Taking the Long View
Climate Change Consultation – Have your say
What do Victoria University of Wellington, Syracuse University and the University of London have in common?
Also Dunedin City Council, Minneapolis, Paris and Lismore City Council in New South Wales?
And the Church of England and the Guardian Media Group?
They have all responded to the call from 350.org and agreed to divest fossil fuels from their financial portfolios. There is a clear moral reason for doing so and a financial one, too.
To give young people and generations to come any chance of a decent future, we must limit the planet to no more than 2°C of warming. Our CO2 “budget” to stay within this limit will be all gone by 2035 at our current burn rate.
Add to this the fact that known fossil fuel reserves are about five times what we can safely consume and the magnitude of our challenge is clear.
We needn’t count on the Exxons and Shells of the world to show leadership on any sort of “leave it in the ground” policy. Nor are governments yet leading the way.
Our own Government is a good case in point. Given the surplus of known world reserves and the climate change dangers we now face, we need to ask: Why look for more?
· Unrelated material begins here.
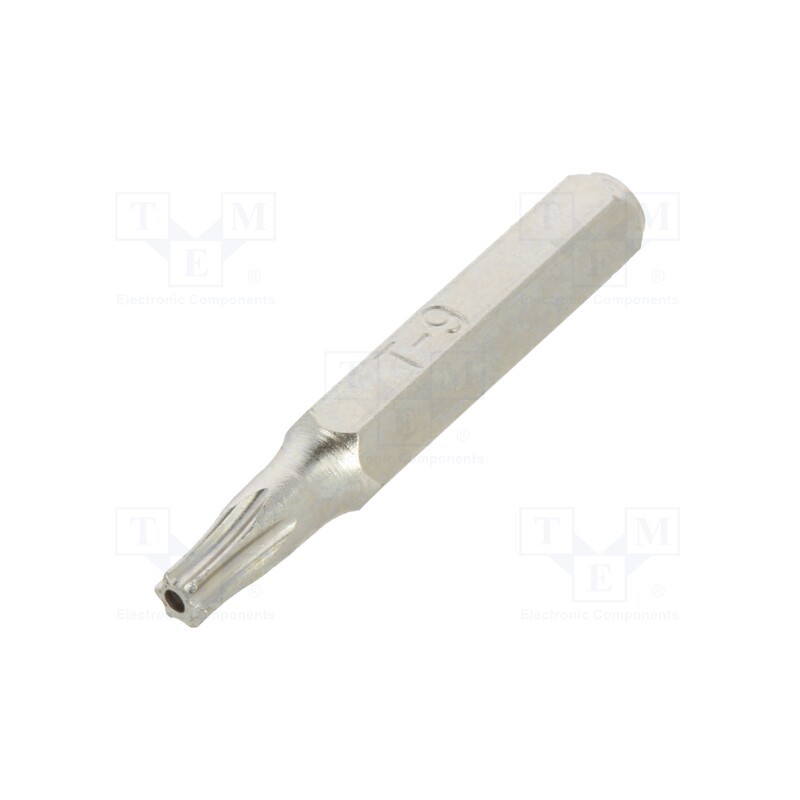 1 pcs x BETA - 12560054 - Screwdriver bit, Torx® with protection, T9H, Overall len: 27mm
And especially: Why pursue an extreme energy policy like offshore drilling in deep and treacherous waters?
The universities, cities and organisations noted above – and many others like them – aren’t waiting around for answers. Their actions are a vote for the future and a small step in helping to erode the social license of fossil fuel companies.
“Divestment serves to delegitimise the business models of companies that are using investor’s money to search for yet more coal, oil and gas that can’t safely be burned,” notes the Guardian.
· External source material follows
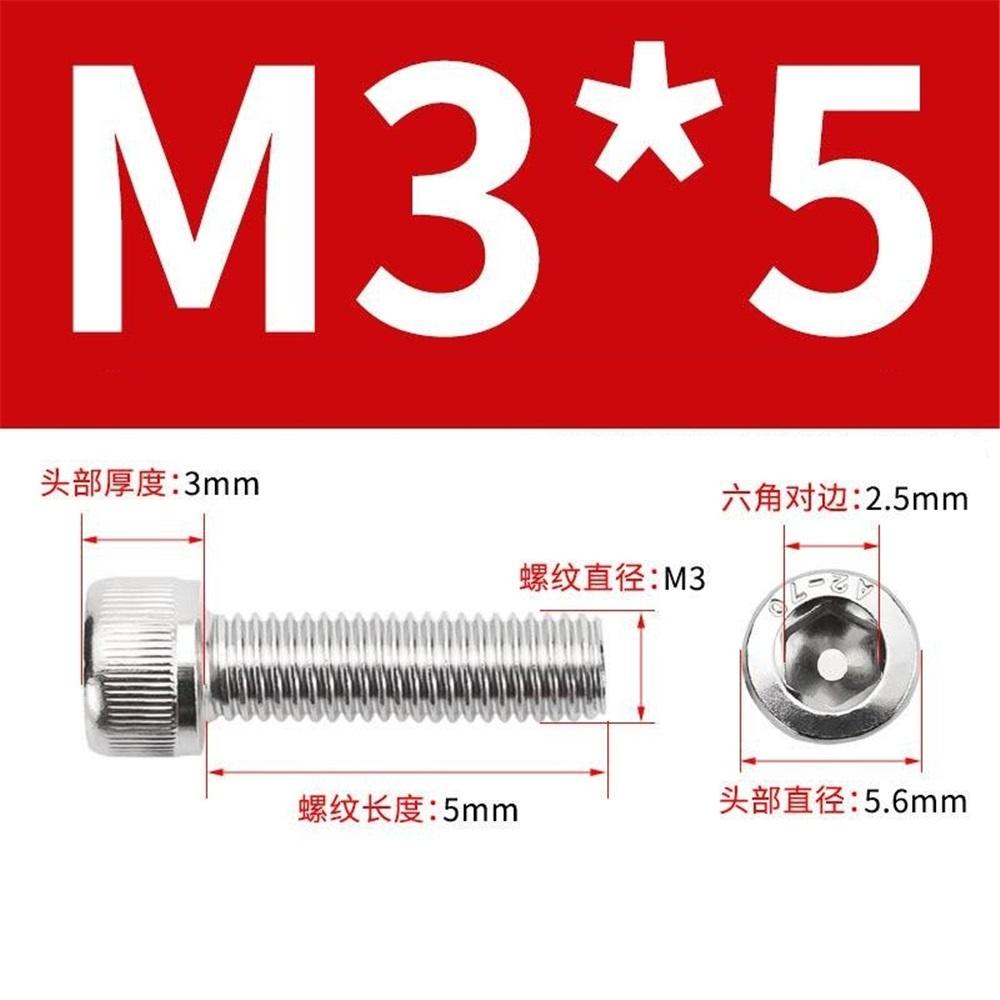 50 Pcs M3 x 8 mm hexagon socket screws, 304 stainless steel hexagon socket drive machine screws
Their financial viability will really be jeopardised when the time comes that governments around the world, collectively, agree to restrict – even prohibit – fossil fuel extraction. And come it must.
The next time governments of the world have a chance to do something meaningful to address climate change is at an international meeting this December in Paris. New Zealand must put forward a target to reduce emissions after 2020 ahead of the Paris negotiations.
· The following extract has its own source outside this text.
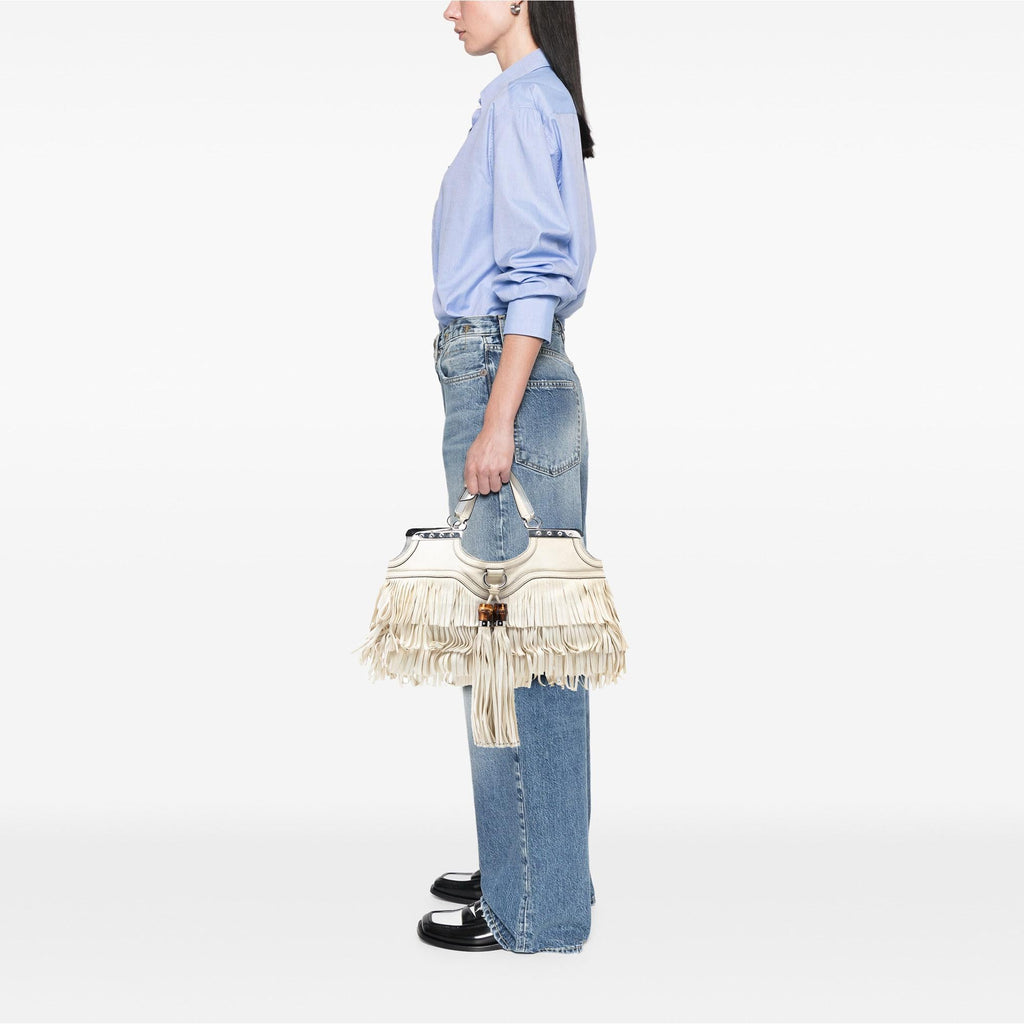 Gucci Leather Fringe Bamboo Tassel Shoulder Bag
To this end, the Government has asked for our opinions. This is a welcome but surprising opportunity. What’s not surprising is how little notice was provided, how short the consultation period is, and how poorly it has been advertised.
But what else to expect from a Government that has watered down and back tracked on the climate change efforts of previous governments, set current reduction targets pitifully below anything scientists say are necessary, allowed emissions to continually rise during its time in office, and has no realistic plan in place to turn things around?
The consultation document provided by the Government – to guide our thinking and help us make a useful submission – is biased and incomplete. It takes a narrow view of “costs”, uses our agricultural emissions as an excuse, and reminds what a small player we are in the big picture. It poses a series of questions surely based on the premise: If we ask the questions we like, we’ll get the answers we want.
This hasn’t gone unnoticed by people in the know. At the consultation meeting in Auckland, Barry Coates, former CEO of Oxfam New Zealand and #16 on the Green Party list, gave an impassioned and eloquent presentation.
“One of the crucial flaws arises from the ridiculous financial modelling exercise in the consultation document,” said Coates. “It contends climate change action will cost the economy and households money and quantifies that as a form of scare tactic.
“But it ignores all of the other costs and benefits. It ignores the costs of climate impacts like droughts and floods, the costs to future generations, the costs to vulnerable communities in the Pacific and elsewhere.
“It ignores the co-benefits from taking action on the environment (better health from walking and cycling, warm dry homes, liveable cities). It ignores business opportunities from the growth in clean technology. And it ignores non-monetary values like biodiversity, humanitarian suffering of those bearing climate impacts, and the disproportionate impact on low income households.”
You can bet the Government will devote more time, energy, money and commitment to consultation on a new flag, even though the Church of England calls climate change the most pressing moral issue of our time.
We can each tell the Government what we think. Deadline for submissions is 5:00 p.m., Wednesday June 3. Make your voice heard.
Gord Stewart is an environmental sustainability consultant. He does project work for government, industry, and non-profit organisations.